Bluefish are managed under a joint management plan collaboratively developed by the Mid-Atlantic Fishery Management Council and the Atlantic States Marine Fisheries Commission and implemented in 1990. The management measures presently include an overall annual landings quota in which 17% of the quota is allocated to the commercial fishery and 83% is allocated to the recreational fishery. The total commercial quota is divided into state specific quotas, and there may be a transfer of a portion of the recreational quota to the commercial sector if predicted recreational landings are below the annual allocation.


----------



## surfmom (Nov 3, 2012)

If you like indian flavor get some pickled mango or vindaloo mix.

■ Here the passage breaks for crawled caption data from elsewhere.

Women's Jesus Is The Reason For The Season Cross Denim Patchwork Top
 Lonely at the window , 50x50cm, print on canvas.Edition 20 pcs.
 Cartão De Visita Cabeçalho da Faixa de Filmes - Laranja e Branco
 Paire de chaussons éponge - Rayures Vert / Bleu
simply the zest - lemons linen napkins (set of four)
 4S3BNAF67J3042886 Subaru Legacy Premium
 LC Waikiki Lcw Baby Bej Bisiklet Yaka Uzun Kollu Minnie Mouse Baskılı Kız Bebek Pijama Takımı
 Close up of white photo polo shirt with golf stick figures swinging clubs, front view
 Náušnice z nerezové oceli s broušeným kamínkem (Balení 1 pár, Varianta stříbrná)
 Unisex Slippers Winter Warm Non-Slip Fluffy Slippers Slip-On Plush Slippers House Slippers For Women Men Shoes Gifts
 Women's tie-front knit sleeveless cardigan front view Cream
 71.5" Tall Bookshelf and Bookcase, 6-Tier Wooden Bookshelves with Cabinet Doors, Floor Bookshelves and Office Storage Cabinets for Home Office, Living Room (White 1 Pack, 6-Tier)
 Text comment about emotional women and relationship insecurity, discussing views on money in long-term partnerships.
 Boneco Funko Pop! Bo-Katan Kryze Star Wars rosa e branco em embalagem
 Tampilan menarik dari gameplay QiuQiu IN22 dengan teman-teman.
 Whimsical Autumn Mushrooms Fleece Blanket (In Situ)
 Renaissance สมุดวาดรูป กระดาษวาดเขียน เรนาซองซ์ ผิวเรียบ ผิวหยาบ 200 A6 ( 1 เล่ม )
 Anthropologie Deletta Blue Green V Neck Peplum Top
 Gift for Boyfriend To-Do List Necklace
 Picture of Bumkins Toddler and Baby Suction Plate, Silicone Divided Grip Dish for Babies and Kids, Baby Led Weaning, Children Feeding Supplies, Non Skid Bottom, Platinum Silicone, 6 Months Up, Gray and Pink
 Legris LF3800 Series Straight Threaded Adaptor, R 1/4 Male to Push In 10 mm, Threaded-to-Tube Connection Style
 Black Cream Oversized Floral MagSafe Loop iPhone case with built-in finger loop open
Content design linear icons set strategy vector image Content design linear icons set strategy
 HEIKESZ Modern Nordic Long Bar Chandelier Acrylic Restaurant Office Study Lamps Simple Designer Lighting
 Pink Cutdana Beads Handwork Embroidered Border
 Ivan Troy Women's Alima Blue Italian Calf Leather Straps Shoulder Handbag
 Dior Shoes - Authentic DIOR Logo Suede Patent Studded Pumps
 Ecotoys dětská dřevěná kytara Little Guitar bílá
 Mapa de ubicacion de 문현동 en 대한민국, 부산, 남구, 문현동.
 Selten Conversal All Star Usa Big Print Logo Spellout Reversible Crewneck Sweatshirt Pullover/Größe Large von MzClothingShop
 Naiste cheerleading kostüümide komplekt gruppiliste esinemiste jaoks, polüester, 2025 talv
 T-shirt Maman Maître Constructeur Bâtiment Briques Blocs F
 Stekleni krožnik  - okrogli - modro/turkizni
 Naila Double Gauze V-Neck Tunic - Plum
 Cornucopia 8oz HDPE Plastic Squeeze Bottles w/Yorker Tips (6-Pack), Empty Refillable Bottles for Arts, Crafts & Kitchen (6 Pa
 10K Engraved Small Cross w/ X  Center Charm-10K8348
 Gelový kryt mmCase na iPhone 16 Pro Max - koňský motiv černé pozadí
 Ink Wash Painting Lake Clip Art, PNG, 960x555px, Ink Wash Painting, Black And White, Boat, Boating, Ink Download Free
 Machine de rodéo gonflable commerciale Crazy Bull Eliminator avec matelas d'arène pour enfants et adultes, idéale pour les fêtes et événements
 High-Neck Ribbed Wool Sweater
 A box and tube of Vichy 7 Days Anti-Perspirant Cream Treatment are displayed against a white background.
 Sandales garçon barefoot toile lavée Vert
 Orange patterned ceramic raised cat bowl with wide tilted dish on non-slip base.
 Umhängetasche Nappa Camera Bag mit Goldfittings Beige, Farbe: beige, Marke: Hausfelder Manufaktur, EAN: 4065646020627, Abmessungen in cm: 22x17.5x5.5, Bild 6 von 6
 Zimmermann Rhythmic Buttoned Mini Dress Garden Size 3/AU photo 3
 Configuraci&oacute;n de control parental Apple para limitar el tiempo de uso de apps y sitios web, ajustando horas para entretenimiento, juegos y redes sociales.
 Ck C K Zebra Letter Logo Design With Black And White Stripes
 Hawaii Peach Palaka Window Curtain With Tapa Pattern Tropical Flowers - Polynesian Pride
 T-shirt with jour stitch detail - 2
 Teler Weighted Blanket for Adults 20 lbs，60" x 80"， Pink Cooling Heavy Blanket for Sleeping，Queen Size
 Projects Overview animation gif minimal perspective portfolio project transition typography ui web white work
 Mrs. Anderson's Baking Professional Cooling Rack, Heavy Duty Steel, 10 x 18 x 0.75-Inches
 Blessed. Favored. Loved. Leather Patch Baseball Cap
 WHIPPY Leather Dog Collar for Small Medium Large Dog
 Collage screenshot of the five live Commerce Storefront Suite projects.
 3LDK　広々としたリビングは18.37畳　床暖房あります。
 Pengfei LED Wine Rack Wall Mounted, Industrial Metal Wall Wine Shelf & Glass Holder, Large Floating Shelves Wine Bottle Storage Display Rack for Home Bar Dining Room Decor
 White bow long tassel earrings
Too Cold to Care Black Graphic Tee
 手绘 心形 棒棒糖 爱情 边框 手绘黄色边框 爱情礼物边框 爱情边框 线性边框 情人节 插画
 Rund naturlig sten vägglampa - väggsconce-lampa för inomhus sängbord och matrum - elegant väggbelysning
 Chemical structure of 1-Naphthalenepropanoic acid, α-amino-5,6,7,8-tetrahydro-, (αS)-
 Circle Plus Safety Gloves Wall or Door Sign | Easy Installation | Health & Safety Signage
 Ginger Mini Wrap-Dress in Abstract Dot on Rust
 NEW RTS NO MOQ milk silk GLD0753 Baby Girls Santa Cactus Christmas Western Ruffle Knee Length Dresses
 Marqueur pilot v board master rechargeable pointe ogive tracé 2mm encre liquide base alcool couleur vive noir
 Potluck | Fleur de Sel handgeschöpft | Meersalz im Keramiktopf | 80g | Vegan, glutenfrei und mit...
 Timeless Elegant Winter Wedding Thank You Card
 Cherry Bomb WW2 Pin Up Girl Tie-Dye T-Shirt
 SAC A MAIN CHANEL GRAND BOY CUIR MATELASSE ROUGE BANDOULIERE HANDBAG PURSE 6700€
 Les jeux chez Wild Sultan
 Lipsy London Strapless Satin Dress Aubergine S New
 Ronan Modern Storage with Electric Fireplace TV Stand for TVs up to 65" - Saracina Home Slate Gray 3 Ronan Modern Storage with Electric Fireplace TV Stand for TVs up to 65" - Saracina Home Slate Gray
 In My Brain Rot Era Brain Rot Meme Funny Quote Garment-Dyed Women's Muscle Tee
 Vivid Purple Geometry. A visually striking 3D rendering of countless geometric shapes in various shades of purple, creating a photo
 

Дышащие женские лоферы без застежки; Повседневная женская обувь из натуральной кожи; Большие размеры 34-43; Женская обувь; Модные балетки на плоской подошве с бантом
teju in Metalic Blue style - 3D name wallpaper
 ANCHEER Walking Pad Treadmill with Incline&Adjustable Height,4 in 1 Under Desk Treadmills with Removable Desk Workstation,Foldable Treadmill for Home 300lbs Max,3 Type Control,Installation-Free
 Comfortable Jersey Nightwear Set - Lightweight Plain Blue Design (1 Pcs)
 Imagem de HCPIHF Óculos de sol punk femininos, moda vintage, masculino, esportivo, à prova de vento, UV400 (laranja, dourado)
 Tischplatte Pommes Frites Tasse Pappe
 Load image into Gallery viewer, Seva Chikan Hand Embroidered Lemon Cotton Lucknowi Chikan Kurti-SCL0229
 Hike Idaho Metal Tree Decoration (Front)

Put inside cavity cut slashes in the sides and put the mix there as well then grill..


----------



## surfchunker (Apr 10, 2006)

cut them into chunks and use them to catch good tasting fish


----------



## dialout (Feb 5, 2011)

surfchunker said:


> cut them into chunks and use them to catch good tasting fish


Hahaha...that's my way too


----------



## dudeondacouch (Apr 6, 2010)

Catch This said:


> On the beach, while they are still fresh... filet, skin, slice, and eat with soy sauce.


fixt.


----------



## whenican (Feb 21, 2013)

Thanks to my fine fish culinary experts I have some new recipes to try out
since I'm catching blues and bringing a few home to eat. I dont want to bring too much home
and not be able to eat it. I've eaten the barely legal size of 8-10" (in MD), yummy baked in olive oil
Or fried up. Now, I'm catching 12-18" with a few bigger mixed in. Thanks for all your input. I know there are 
Other ways to enjoy this fish but now these recipes should tide me over for awhile. Tight lines to everyone!!


----------



## jake (Sep 11, 2005)

Bleed them before you unhook them......filet and dip in butter and olive oil mixture....fry with skin side down until meat turns light grey....flip for one minute....,,,,break out the adult beverage and enjoy with oven roasted ******* potatoes and tossed salad,,,,,,don't get no better than this.....&#55357;&#56846;&#55356;&#57098;&#55356;&#57251;&#55356;&#57211;&#55356;&#57211;&#55356;&#57211;


----------



## daprez (Jul 2, 2013)

scale and gut them, place them on a hickory board and bake them in the oven at 350 for 30 mins. remove and discard the blue and eat the board..it taste better...lol


----------



## surfchunker (Apr 10, 2006)

another way is use the old bay recipe for crab cakes


----------



## Shooter (Nov 14, 2004)

Bunch of damn sissy's,,,,, keep a bucket of water close as soon as you catch them cut and let them bleed out then gut them and toss on ice. Get home and cook them up, yes they taste like fish but what did you expect they are fish. If you don't like the taste of fish go fishing for cows or chickens


----------



## Mastrbaitr (May 7, 2014)

Gut and bleed then fillet. Lay skin side down and bake no spices. Make sure you have a drip pan to catch all the oil that comes out but after about 45 min at 375 all you have left excellent tasting fish.


----------



## Alexy (Nov 1, 2010)

Bleed and gut immediately. When you get home fillet them and cut the blood line out. Put the fillets in a light brine solution (1.5-2 tbs. coase salt per gallon of water). Let them sit a few hours if you are in a hurry or over night if you are not. Pull them out and lightly pepper them and fry or cook as you want to . We took ours to a Thai restaurant on Ocracoke ( Thai Moon) and she made pad thai and ginger fish with them and they were excellent last time. 
The more conventional recipies are all good ant like shooter said it is going to taste like a fish....


----------



## fleaflicker (Jul 24, 2014)

Thai Moon makes EXCELLENT and authentic Thai food. Great place & great people.


----------



## Loner (Sep 9, 2009)

....What IS the problem here???..heat the FRY-DADDY....ROLL FILETS IN BLUE RIBBON CORN MEAL...DROP IN OIL.....when they FLOAT..u EAT EM....
Same for Popeyes and SPANISH and all the rest of that stuff that comes out of the ocean..
U either LIKE FISH or you don't....


----------



## Kellercl (Jan 28, 2010)

Catch This said:


> On the beach, while they are still fresh... fillet em, wrap em in aluminum foil, put a pad a butter on em, sprinkle some ground pepper and any other spices you have and close the foil. Throw them on the grill for 7 to 10 minutes, depending upon the size and you have dinner.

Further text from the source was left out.